Cross-Cutting Co-ordinator, Genomics England Clinical Interpretation Partnership

  • The UK has sequenced 100,000 whole genomes in the National Health Service
  • Collectively revolutionising medical practice and research, whole genome sequences are a resource that keeps on giving. Initially collected for patients and their clinical care, their digital nature makes them an ongoing resource for both research and the patients
  • They are an example of the intricate relationship between technology and people
  • Genomics is more fundamentally routed in the physical than other, more natively digital, realms of Big Data. This creates a unique set of requirements and infrastructure for Genomics

The ability of healthcare systems to deliver high-quality and ef cient care will increasingly depend on our ability to harness a growing wealth of data. We are all different from one another and the increasing accessibility of DNA sequencing is helping us characterise these differences. As in other elds, we are also increasingly connected to information, analytics and data collection, all powered by astounding leaps in computing power and data storage. Processes that used to take weeks now take hours on a single machine, which applies equally to DNA sequencing and deep machine learning. The general advent of the digital in healthcare is broad ranging, spanning machine learning algorithms for clinical decision-making, mobile apps, portals and patient monitoring.

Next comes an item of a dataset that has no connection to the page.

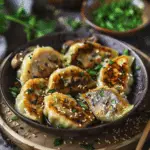 Mushroom Cabbage Dumplings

Genomic medicine uses individuals’ genomic information as part of their clinical care. Unlike specific genetic tests, the field of genomics focuses on the whole genome and how it works, including how it is to be interpreted and the technologies that have been developed to help do this. Genomics underpins the development of precision diagnostics, treatment and prevention strategies, helping to reduce side effects of drugs; target specific molecular changes through treatment; or predict how a disease will develop or how a drug might work.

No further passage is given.